Quad Learning helps make college more affordable for students, but it may also be part of a shift that moves community colleges’ focus away from those most in need.
Community colleges in Spokane, Wash., have experienced a sharp increase in international applications over the last two years, many of them from China, thanks to a targeted marketing campaign run by Quad Learning.
The venture-backed startup launched its pilot program in Spokane in 2012 and now operates in five community college systems, creating and marketing an initiative it calls “American Honors.” The program provides services for high-achieving students who want to transfer to elite universities, and it is meant to bring in applicants who traditionally wouldn't consider a community college: those from out of county, out of state, and even out of country. In Spokane, 20% of students enrolled in the program are international, for instance.

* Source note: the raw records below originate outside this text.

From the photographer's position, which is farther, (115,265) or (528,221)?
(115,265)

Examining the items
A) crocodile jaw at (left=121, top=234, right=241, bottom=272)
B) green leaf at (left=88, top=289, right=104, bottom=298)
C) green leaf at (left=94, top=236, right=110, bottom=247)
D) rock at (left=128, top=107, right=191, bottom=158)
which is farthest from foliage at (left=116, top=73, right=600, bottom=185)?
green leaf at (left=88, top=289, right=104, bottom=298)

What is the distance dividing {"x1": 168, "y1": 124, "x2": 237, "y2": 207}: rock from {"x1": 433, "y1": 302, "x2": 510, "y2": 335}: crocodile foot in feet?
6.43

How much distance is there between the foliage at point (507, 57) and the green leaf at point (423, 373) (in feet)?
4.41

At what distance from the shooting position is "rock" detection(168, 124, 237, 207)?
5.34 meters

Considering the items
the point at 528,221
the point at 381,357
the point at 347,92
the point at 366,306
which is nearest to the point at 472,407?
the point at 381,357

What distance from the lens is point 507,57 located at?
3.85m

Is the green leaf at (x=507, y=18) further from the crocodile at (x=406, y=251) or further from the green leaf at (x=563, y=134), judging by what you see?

“It's all about college affordability,” said Phil Bronner, a former venture capitalist who now serves as Quad Learning's founder and CEO. Transferring from community colleges to four-year institutions is “the highest-value pathway in higher ed,” he said. “You get the same degree at a dramatically lower cost than attending a four-year institution.”

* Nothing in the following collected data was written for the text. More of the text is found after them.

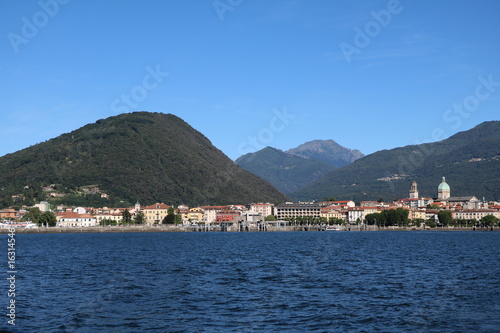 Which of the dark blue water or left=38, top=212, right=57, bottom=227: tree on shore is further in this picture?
left=38, top=212, right=57, bottom=227: tree on shore

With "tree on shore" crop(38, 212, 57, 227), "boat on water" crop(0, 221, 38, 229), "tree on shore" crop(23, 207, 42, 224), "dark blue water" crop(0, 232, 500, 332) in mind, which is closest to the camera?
"dark blue water" crop(0, 232, 500, 332)

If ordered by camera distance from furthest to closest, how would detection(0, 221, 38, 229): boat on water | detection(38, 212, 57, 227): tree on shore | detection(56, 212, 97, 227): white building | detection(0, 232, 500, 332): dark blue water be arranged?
detection(56, 212, 97, 227): white building → detection(38, 212, 57, 227): tree on shore → detection(0, 221, 38, 229): boat on water → detection(0, 232, 500, 332): dark blue water

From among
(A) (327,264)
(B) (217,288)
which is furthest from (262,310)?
(A) (327,264)

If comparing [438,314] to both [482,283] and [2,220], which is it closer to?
[482,283]

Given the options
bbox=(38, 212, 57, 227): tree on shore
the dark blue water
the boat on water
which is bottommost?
the dark blue water

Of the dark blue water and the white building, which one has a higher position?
the white building

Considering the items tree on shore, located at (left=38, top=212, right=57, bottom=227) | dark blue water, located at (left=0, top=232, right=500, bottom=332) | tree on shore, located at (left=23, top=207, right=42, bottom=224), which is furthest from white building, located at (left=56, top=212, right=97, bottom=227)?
dark blue water, located at (left=0, top=232, right=500, bottom=332)

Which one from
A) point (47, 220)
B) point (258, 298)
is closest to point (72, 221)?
point (47, 220)

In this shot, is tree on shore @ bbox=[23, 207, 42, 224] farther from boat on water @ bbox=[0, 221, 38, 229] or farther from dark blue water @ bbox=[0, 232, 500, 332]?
dark blue water @ bbox=[0, 232, 500, 332]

As a business, Quad Learning has borrowed part of its model from one of the education world's most successful startups: 2U, which went public last month and helps universities create online degree programs. Quad Learning partners with community colleges to create honors programs, providing advising and transfer partnerships to students and marketing and faculty advising services to the colleges themselves. Like 2U, Quad Learning makes its money from a revenue-sharing program — American Honors students pay a $2,500 fee on top of the college's tuition.
International students pay more: a flat $12,900, which Quad Learning says covers “additional supports.”

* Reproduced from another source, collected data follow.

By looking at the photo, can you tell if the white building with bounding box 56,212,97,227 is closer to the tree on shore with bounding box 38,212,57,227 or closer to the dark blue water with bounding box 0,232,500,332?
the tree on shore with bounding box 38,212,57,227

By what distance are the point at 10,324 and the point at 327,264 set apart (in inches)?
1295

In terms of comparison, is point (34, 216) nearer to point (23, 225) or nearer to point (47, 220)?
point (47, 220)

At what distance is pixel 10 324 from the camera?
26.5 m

By bringing an entirely new type of student to two-year schools, Quad Learning is hoping to capitalize on a transformative moment for community colleges. Student debt levels are rising, admissions at elite universities are inching lower, and many two-year institutions are realizing that now is the time to shed their image as the underachieving, underfunded stepchildren of American higher education.
Recently, community colleges have grabbed headlines for increasingly dropping words like “community” and “technical” from their name. Many have even begun to offer four-year bachelor's degree programs; 21 states now allow community colleges to grant bachelor's degrees, and a bill in California is currently on the horizon.
“With American Honors, we're really redefining community colleges and broadening the scope,” said Lisa Avery, an administrator at Community Colleges of Spokane (CCS). “We have seen so much international interest.”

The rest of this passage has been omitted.